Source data
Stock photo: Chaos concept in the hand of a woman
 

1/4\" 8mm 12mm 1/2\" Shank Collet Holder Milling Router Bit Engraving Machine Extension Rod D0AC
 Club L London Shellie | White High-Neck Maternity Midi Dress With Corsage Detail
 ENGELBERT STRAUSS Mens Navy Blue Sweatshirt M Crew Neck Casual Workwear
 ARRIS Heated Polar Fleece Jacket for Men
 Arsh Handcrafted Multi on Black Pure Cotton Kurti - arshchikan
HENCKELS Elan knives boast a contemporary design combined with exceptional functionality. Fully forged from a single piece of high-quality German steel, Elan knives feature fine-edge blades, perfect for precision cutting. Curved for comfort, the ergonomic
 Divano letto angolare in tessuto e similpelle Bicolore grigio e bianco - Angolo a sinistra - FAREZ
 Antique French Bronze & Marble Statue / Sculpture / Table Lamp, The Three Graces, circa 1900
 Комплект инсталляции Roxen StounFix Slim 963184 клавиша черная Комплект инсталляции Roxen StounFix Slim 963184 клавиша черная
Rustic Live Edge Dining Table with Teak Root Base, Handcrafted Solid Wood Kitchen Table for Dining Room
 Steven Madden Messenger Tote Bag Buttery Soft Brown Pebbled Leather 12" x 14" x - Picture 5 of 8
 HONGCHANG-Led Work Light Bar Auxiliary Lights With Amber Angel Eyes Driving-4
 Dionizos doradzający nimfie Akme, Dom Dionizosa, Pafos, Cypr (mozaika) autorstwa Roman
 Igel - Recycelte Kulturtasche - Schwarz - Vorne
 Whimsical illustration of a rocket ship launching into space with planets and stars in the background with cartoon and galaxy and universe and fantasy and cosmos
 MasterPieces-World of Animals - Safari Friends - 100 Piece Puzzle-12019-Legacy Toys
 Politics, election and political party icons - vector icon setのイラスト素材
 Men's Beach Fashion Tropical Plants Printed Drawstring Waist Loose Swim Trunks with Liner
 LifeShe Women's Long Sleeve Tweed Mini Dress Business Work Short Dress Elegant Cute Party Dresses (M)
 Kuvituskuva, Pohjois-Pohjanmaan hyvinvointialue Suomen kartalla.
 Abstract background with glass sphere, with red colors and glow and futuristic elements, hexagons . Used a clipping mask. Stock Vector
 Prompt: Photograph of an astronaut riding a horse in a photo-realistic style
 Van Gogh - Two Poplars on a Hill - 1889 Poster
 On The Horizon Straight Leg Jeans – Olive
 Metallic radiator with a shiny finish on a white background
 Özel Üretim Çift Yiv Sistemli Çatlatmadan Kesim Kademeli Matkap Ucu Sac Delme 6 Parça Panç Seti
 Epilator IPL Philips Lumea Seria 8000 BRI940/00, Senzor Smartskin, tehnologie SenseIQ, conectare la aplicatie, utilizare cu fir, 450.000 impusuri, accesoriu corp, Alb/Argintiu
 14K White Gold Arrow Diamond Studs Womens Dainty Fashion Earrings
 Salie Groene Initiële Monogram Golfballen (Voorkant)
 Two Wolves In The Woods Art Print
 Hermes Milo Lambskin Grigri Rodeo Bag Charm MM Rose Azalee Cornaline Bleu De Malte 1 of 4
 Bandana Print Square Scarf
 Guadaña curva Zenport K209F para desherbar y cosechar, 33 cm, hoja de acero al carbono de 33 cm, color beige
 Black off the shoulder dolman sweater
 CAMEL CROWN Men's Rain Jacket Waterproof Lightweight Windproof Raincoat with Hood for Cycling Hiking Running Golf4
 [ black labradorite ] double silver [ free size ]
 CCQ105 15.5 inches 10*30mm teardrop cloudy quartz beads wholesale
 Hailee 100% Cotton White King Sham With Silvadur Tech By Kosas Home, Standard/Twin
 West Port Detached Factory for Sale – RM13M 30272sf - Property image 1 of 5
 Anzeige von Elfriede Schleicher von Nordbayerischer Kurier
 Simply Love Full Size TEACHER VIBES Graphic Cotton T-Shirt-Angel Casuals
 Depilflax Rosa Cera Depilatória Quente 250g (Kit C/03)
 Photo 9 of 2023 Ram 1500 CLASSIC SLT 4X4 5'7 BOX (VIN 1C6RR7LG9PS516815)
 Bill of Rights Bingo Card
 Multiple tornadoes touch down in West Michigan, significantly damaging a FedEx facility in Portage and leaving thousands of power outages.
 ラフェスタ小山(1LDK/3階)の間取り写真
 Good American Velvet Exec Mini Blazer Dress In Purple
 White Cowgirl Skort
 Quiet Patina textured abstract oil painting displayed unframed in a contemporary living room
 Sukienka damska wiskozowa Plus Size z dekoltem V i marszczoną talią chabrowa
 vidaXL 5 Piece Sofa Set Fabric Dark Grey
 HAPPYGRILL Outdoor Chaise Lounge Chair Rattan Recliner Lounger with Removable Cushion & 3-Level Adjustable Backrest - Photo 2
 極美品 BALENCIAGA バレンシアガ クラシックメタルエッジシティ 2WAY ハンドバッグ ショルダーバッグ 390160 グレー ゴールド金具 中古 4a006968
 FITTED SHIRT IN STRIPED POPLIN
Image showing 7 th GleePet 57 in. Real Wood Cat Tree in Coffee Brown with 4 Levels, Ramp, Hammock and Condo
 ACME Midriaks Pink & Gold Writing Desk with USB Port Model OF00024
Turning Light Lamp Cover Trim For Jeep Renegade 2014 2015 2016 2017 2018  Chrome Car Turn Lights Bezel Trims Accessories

> **What the task asks**: From the records above, reproduce exactly the lines from the one with "ラフェスタ小山(1LDK/3階)の間取り写真" to the one with "FITTED SHIRT IN STRIPED POPLIN", both included, and no others.

> **Answer area**:
 ラフェスタ小山(1LDK/3階)の間取り写真
 Good American Velvet Exec Mini Blazer Dress In Purple
 White Cowgirl Skort
 Quiet Patina textured abstract oil painting displayed unframed in a contemporary living room
 Sukienka damska wiskozowa Plus Size z dekoltem V i marszczoną talią chabrowa
 vidaXL 5 Piece Sofa Set Fabric Dark Grey
 HAPPYGRILL Outdoor Chaise Lounge Chair Rattan Recliner Lounger with Removable Cushion & 3-Level Adjustable Backrest - Photo 2
 極美品 BALENCIAGA バレンシアガ クラシックメタルエッジシティ 2WAY ハンドバッグ ショルダーバッグ 390160 グレー ゴールド金具 中古 4a006968
 FITTED SHIRT IN STRIPED POPLIN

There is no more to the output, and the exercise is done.